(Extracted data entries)

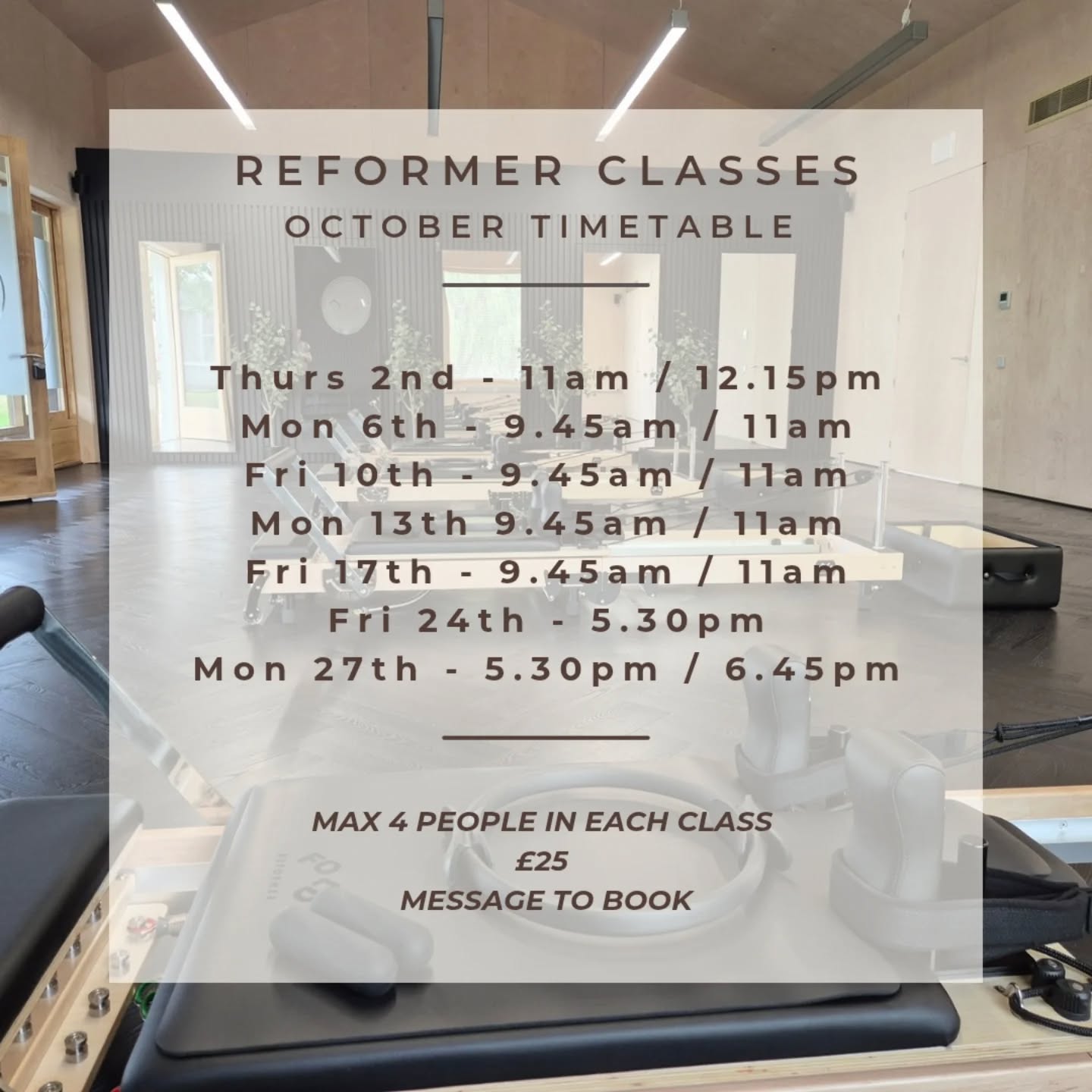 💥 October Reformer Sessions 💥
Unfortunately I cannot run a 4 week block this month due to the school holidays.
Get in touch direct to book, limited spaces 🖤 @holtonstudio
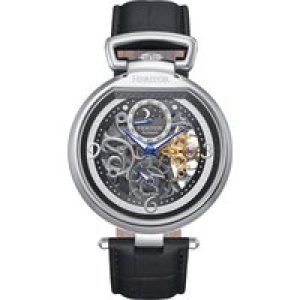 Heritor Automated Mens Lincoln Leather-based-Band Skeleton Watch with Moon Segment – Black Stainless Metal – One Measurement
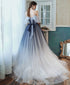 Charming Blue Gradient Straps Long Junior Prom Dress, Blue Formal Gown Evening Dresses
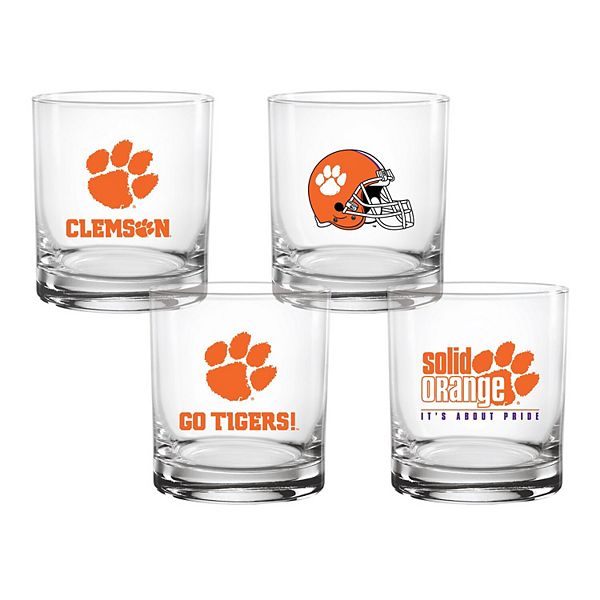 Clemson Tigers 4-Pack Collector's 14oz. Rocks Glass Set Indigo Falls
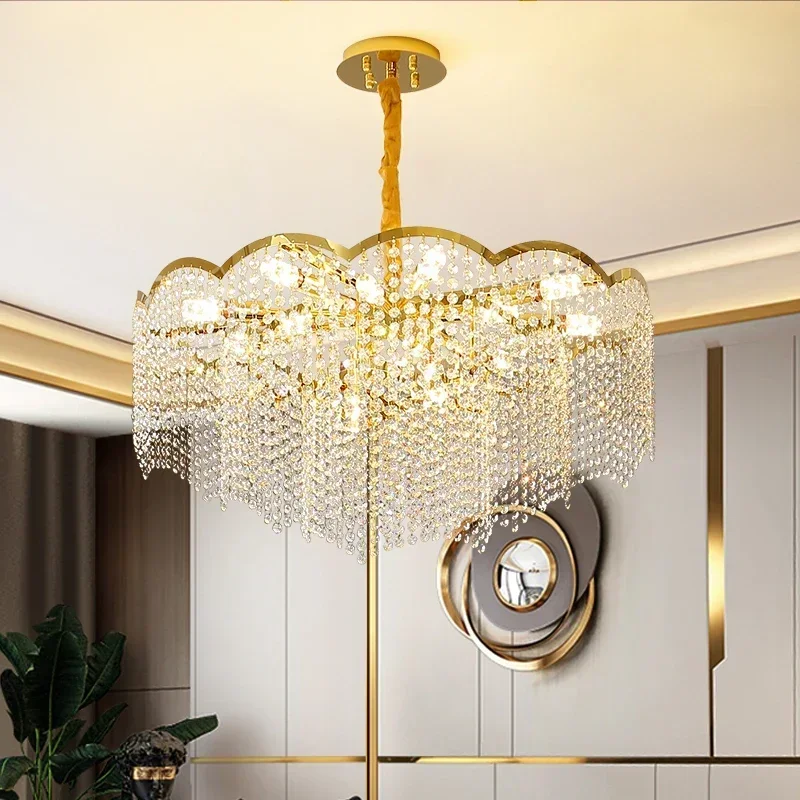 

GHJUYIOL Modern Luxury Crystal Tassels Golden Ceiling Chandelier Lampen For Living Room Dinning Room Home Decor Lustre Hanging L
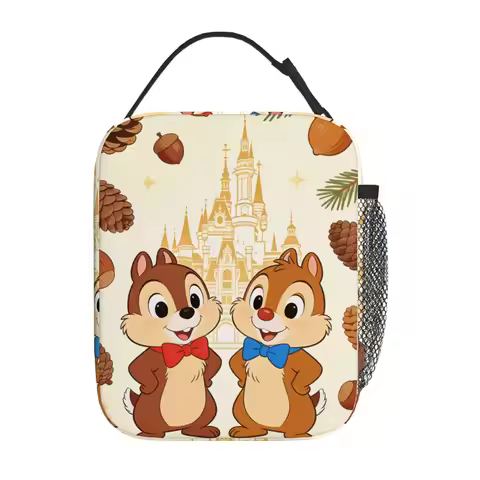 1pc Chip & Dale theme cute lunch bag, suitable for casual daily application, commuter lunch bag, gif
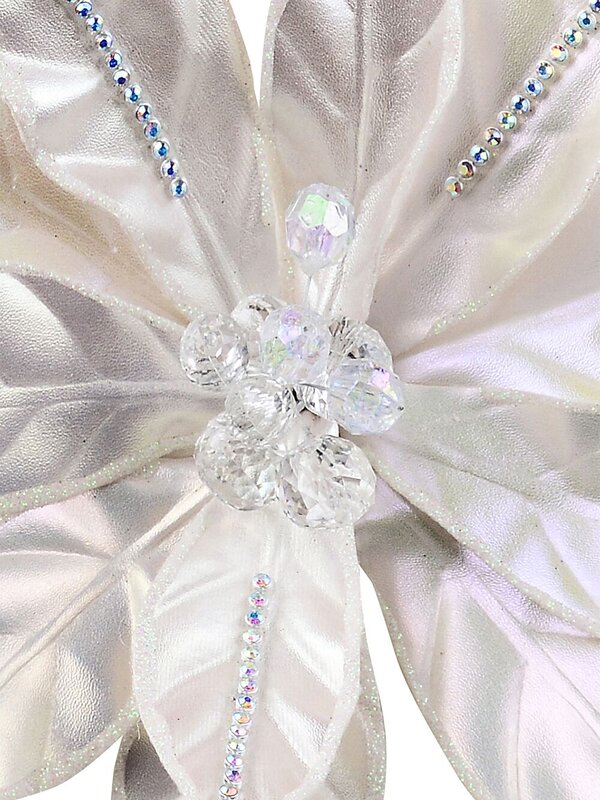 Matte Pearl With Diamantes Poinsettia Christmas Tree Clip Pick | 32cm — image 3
* * *
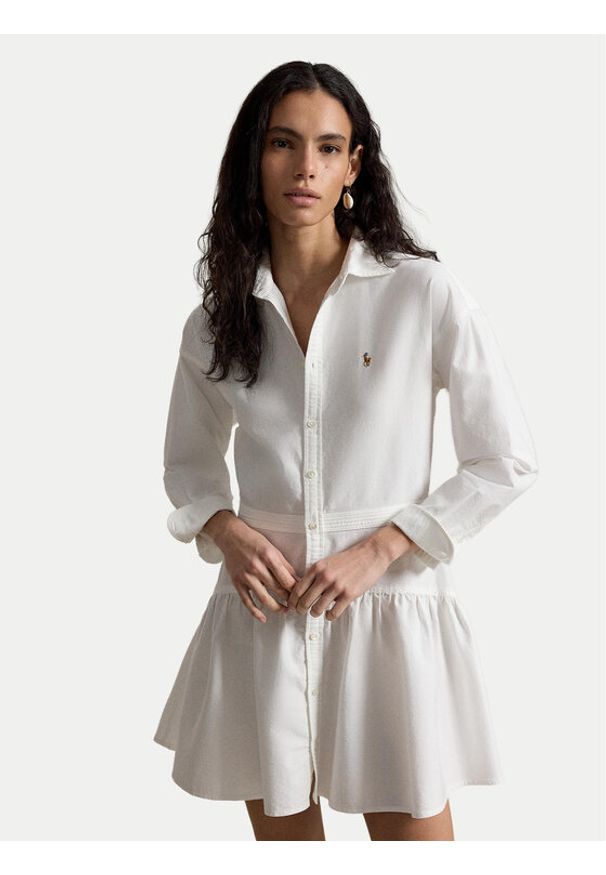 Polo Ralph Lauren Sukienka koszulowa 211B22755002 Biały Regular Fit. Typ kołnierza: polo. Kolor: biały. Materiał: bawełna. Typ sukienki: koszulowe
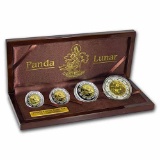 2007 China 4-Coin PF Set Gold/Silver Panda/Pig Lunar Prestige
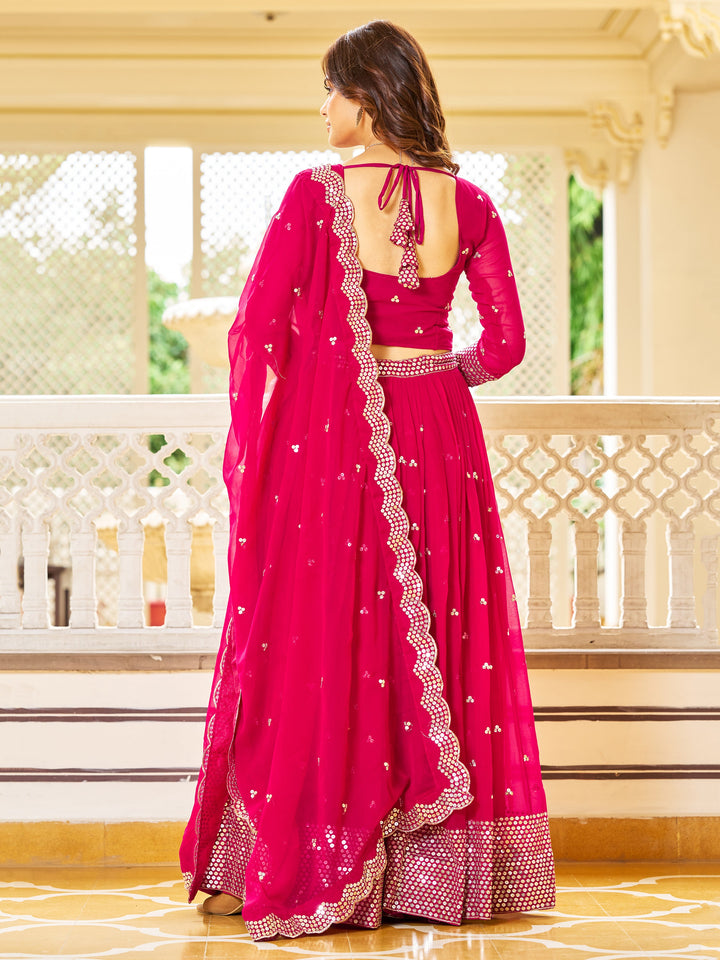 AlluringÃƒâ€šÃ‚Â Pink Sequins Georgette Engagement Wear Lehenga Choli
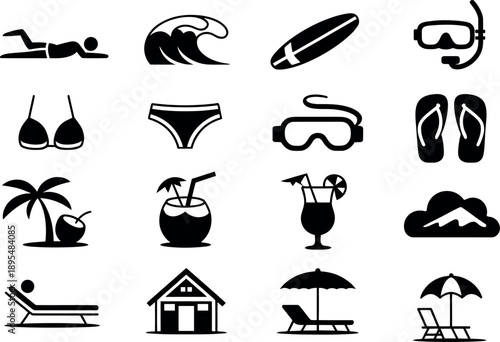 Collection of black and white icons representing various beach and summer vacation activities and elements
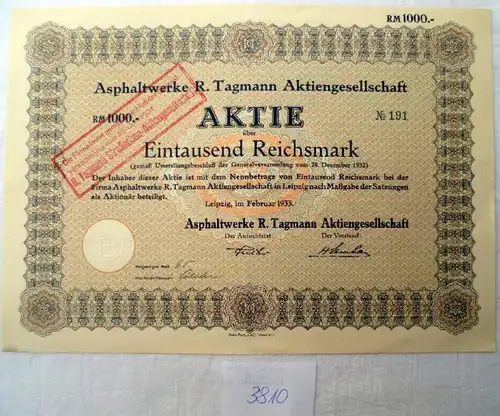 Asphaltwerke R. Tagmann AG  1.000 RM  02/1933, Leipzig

▸ Requirement
Print, word for word, the lines above that run from the line containing "Get in touch" to the line containing "Clemson Tigers 4-Pack", both included. Keep the pictures out.

▸ Answer to the problem
Get in touch direct to book, limited spaces 🖤 @holtonstudio
 Heritor Automated Mens Lincoln Leather-based-Band Skeleton Watch with Moon Segment – Black Stainless Metal – One Measurement
 Charming Blue Gradient Straps Long Junior Prom Dress, Blue Formal Gown Evening Dresses
 Clemson Tigers 4-Pack Collector's 14oz. Rocks Glass Set Indigo Falls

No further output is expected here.